(Source data)
· · · ·

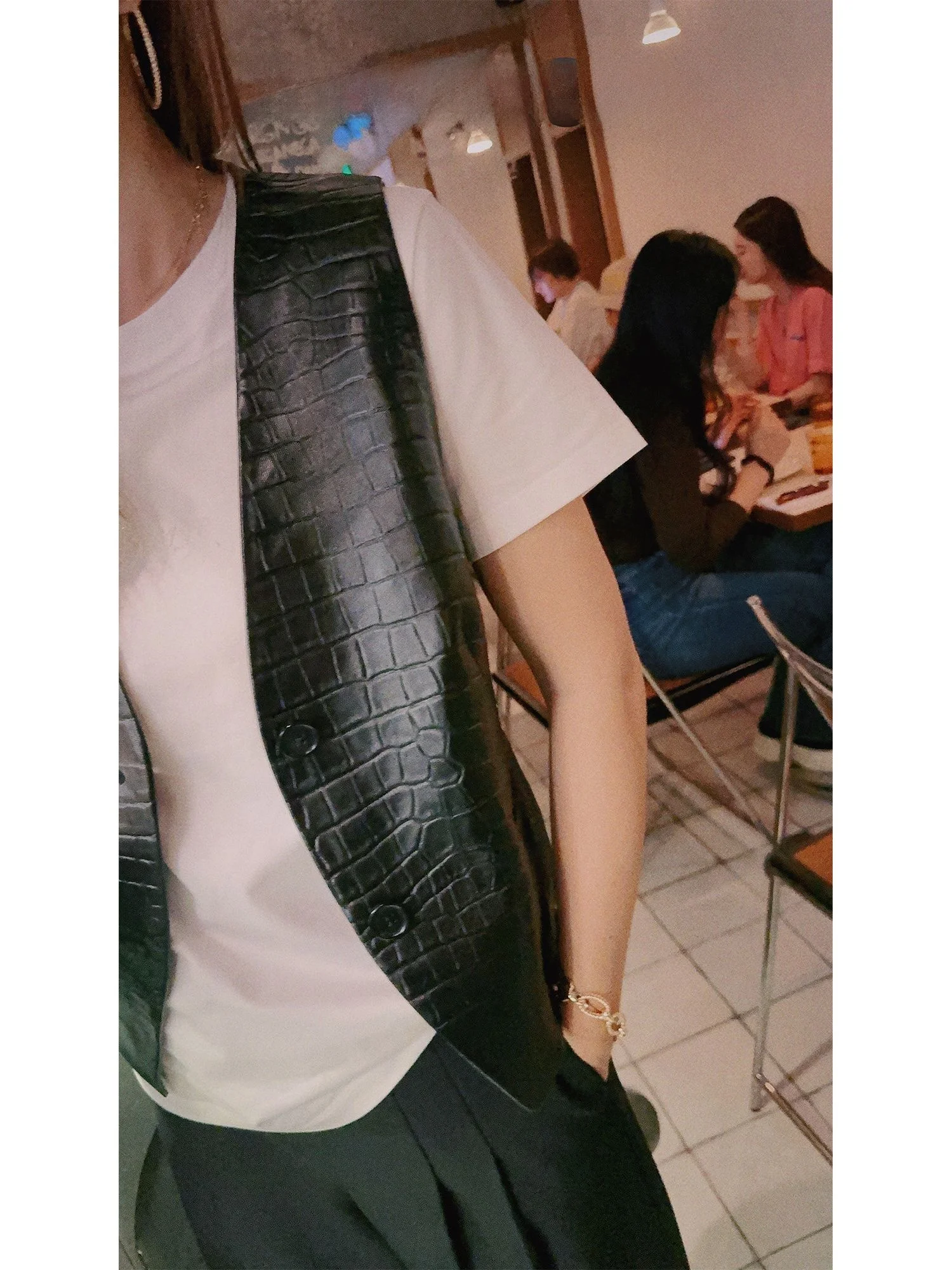 Модная женская футболка с коротким рукавом, с объемной цветочной вышивкой, летняя, из хлопка, с круглым вырезом, повседневная, свободного кроя
Модная женская футболка с коротким рукавом, с объемной цветочной вышивкой, летняя, из хлопка, с круглым вырезом, повседневная, свободного кроя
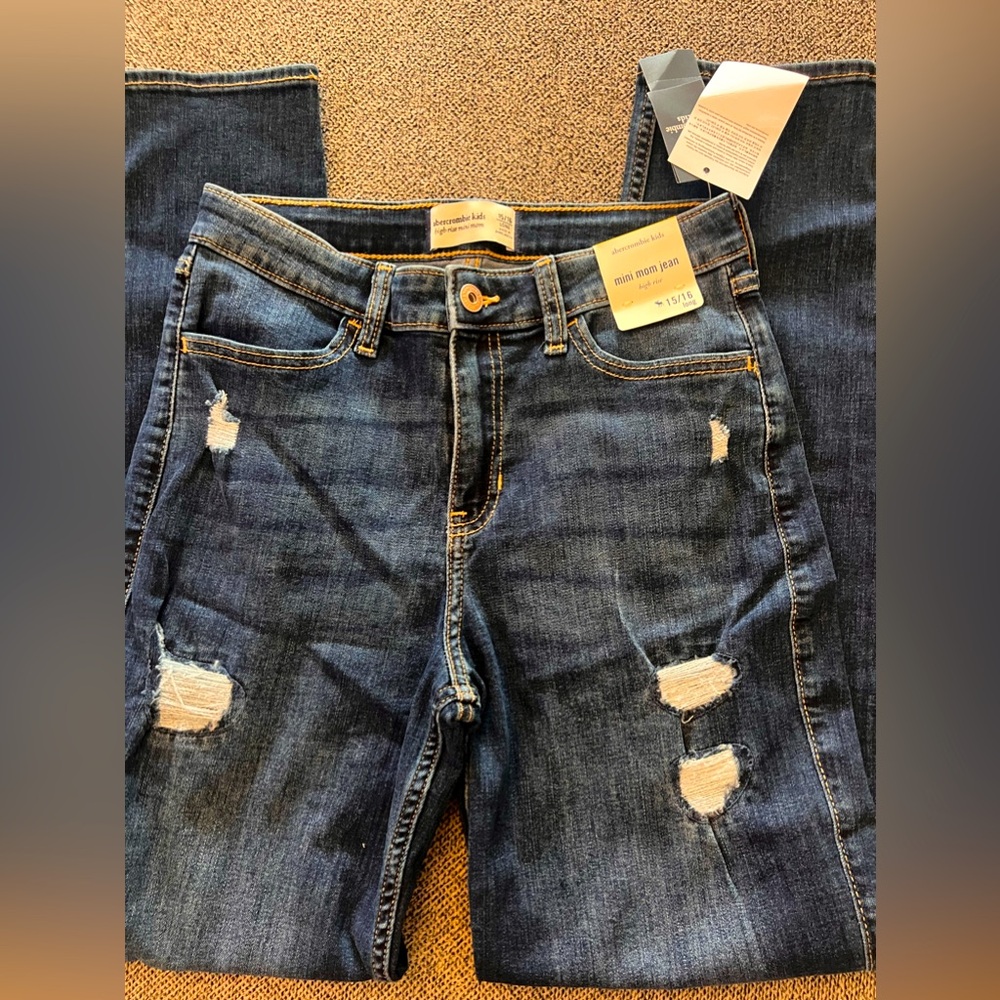 NWT Girls Abercrombie and Fitch mini mom jeans size 15/16 long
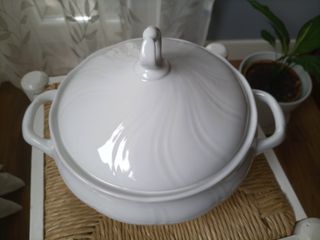 Sopera de porcelana blanca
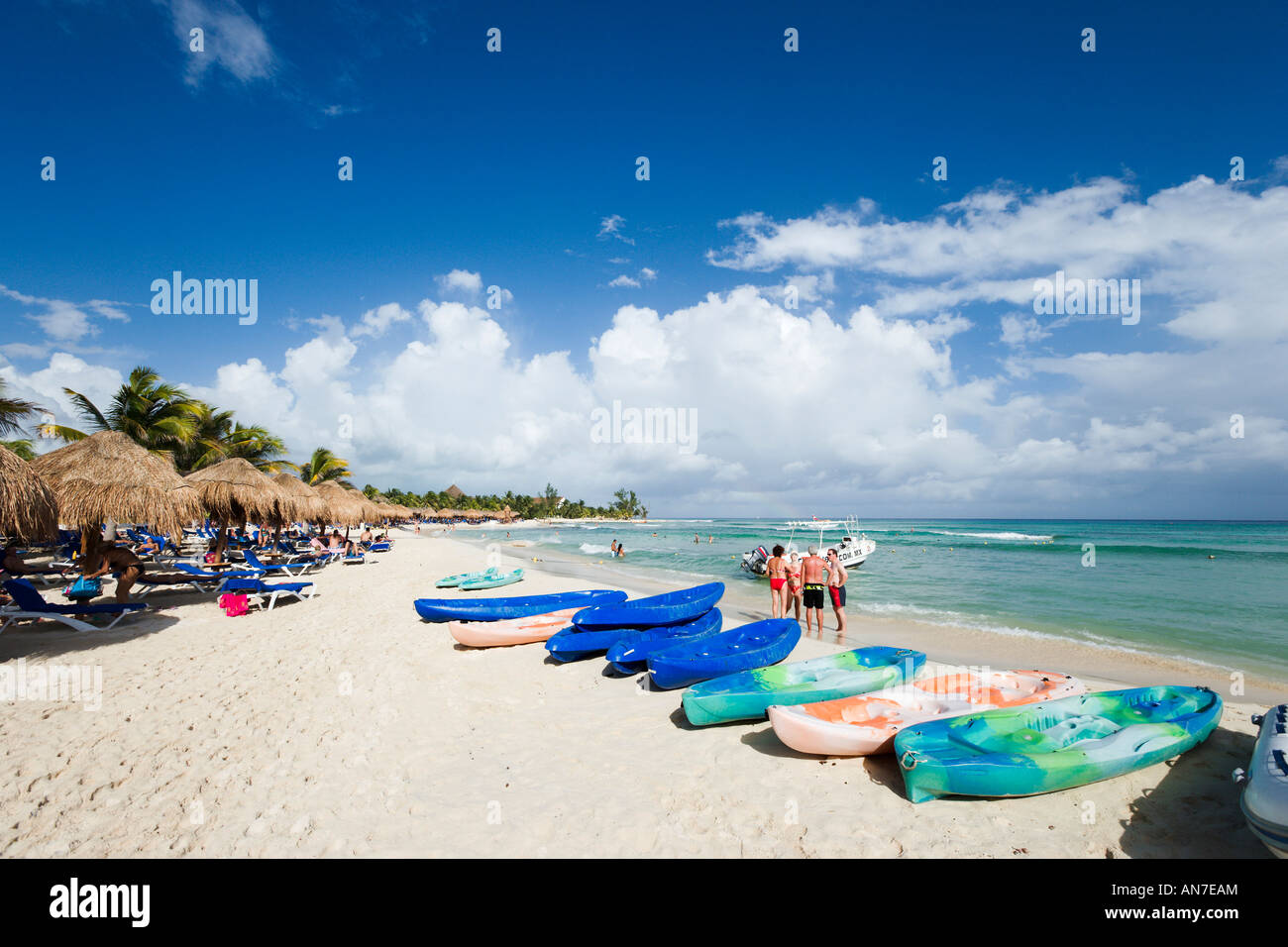 Spiaggia al di fuori Hotel Sandos Caracol, Riviera Maya, la penisola dello Yucatan, Quintana Roo, Costa dei Caraibi, Messico Foto Stock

· · · ·

◆ Exercise aim:
Every entry is to be transcribed exactly, but the pictures are to be left out.

◆ Reply:
 Модная женская футболка с коротким рукавом, с объемной цветочной вышивкой, летняя, из хлопка, с круглым вырезом, повседневная, свободного кроя
Модная женская футболка с коротким рукавом, с объемной цветочной вышивкой, летняя, из хлопка, с круглым вырезом, повседневная, свободного кроя
 NWT Girls Abercrombie and Fitch mini mom jeans size 15/16 long
 Sopera de porcelana blanca
 Spiaggia al di fuori Hotel Sandos Caracol, Riviera Maya, la penisola dello Yucatan, Quintana Roo, Costa dei Caraibi, Messico Foto Stock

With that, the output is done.